Prompt: Beginning with the line below that contains "建物外観　京急田浦駅徒歩4分の生活便利な単身者向けアパートです。大通り" and ending with the line that contains "1770 Barclay St — Photo 6", retype every line exactly. Pictures are not copied.

Task material:
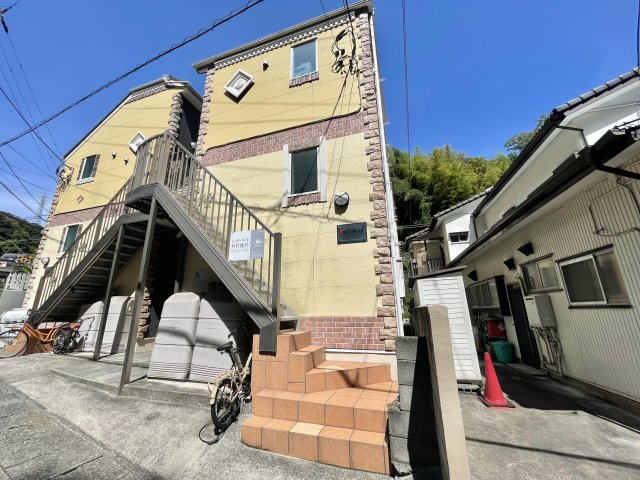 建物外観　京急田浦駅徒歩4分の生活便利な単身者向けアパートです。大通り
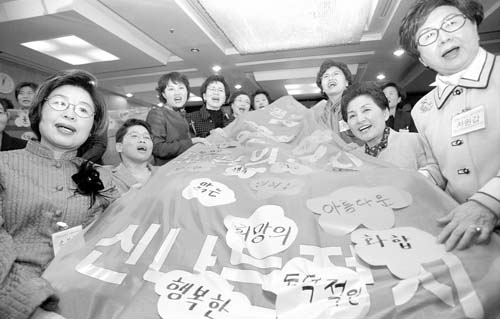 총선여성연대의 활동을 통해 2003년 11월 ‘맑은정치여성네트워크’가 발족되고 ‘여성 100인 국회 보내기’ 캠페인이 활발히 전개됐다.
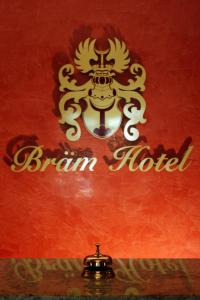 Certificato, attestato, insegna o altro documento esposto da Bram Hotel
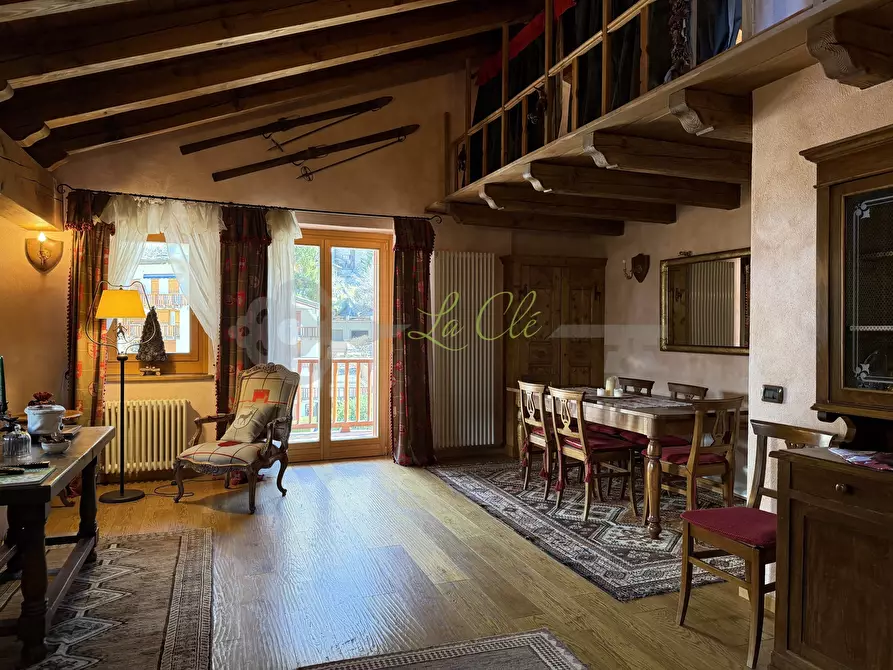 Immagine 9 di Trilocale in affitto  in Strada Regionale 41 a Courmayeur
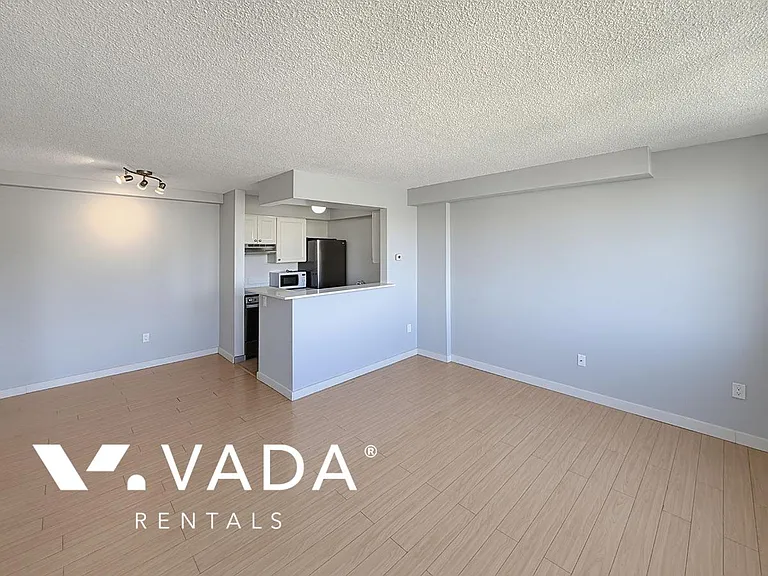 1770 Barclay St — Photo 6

--

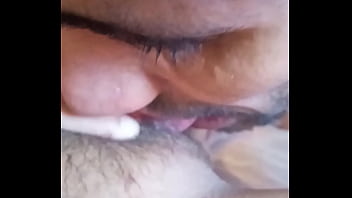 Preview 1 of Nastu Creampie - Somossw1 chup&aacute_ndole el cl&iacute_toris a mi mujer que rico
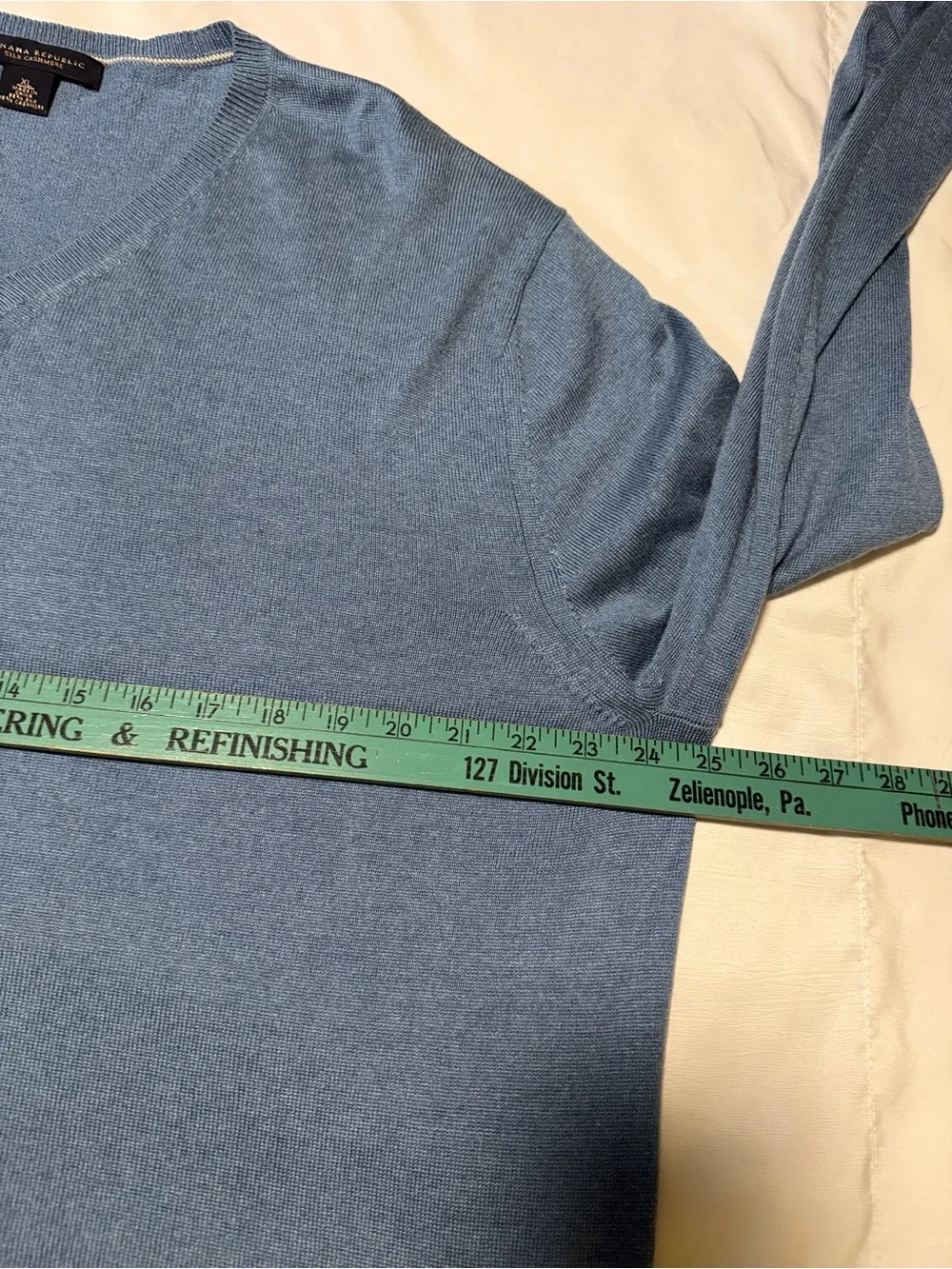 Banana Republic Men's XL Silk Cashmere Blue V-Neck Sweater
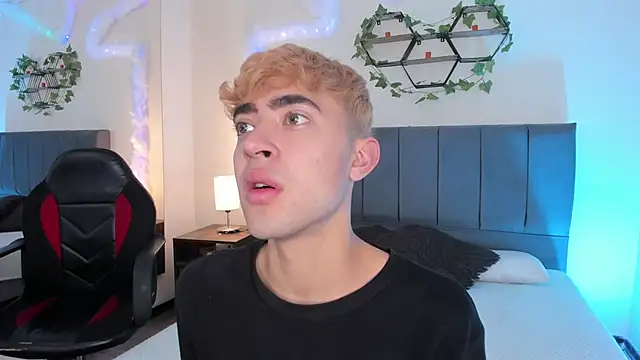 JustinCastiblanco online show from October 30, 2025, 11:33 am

...

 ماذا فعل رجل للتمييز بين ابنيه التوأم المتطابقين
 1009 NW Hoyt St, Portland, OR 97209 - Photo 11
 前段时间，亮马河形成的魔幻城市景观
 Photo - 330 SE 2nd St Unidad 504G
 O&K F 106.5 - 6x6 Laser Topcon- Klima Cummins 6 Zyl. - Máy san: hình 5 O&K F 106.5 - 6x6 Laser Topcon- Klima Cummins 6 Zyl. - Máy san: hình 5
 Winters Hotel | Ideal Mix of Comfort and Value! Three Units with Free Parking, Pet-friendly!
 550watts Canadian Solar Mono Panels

Answer below:
 建物外観　京急田浦駅徒歩4分の生活便利な単身者向けアパートです。大通り
 총선여성연대의 활동을 통해 2003년 11월 ‘맑은정치여성네트워크’가 발족되고 ‘여성 100인 국회 보내기’ 캠페인이 활발히 전개됐다.
 Certificato, attestato, insegna o altro documento esposto da Bram Hotel
 Immagine 9 di Trilocale in affitto  in Strada Regionale 41 a Courmayeur
 1770 Barclay St — Photo 6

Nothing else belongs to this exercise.